In 1997, Heybourne, Torres and Hunting reunited in the UK to record the Resurrection demo, which was included alongside 1990's Twist of the Knife and 1987's Psychopathic demos on the compilation of the same name. The group reformed officially in early 2000, with Heybourne joined by guitarist Keith Herzberg, bassist Richie Wicks and drummer Scott Higham. After issuing 2000: Live at the LA2 and recording the Halloween Session demo, Higham left in mid-2001. The group subsequently decided to disband, although by the following summer had reformed with the same lineup.

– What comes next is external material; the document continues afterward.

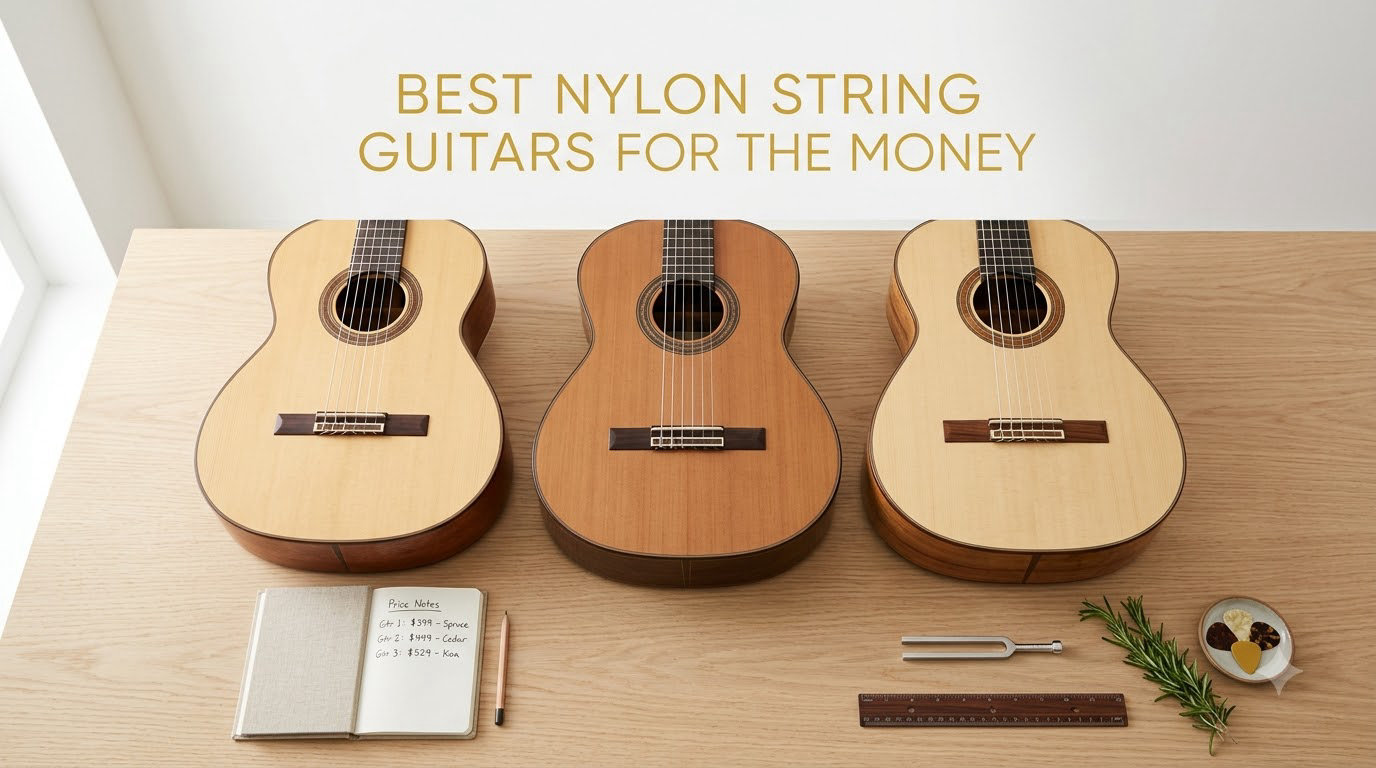 best nylon string guitars for the money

The reformation of Heybourne, Herzberg, Wicks and Higham was short-lived, however, as in January 2003 the frontman announced a new lineup featuring guitarist Lee Altus and returning rhythm section Jon Torres and Tom Hunting. Within two months, Hunting had bowed out and been replaced by Altus's Heathen bandmate Darren Minter for a short run of shows.

Since 2008
After another five-year break, Kevin Heybourne reformed Angel Witch in 2008, adding new guitarist Chris Fullard, bassist Will Palmer and drummer Andy Prestidge. In September 2010, Fullard was replaced by Carcass guitarist Bill Steer. 2012 saw the release of As Above, So Below, the group's first new studio material since 1998, and the following year saw Steer replaced by Tom Draper. By 2015, Draper had been replaced by Jimmy Martin, and the following year Fredrik Jansson had taken over on drums, following a brief stint by Alan French following Prestidge's departure.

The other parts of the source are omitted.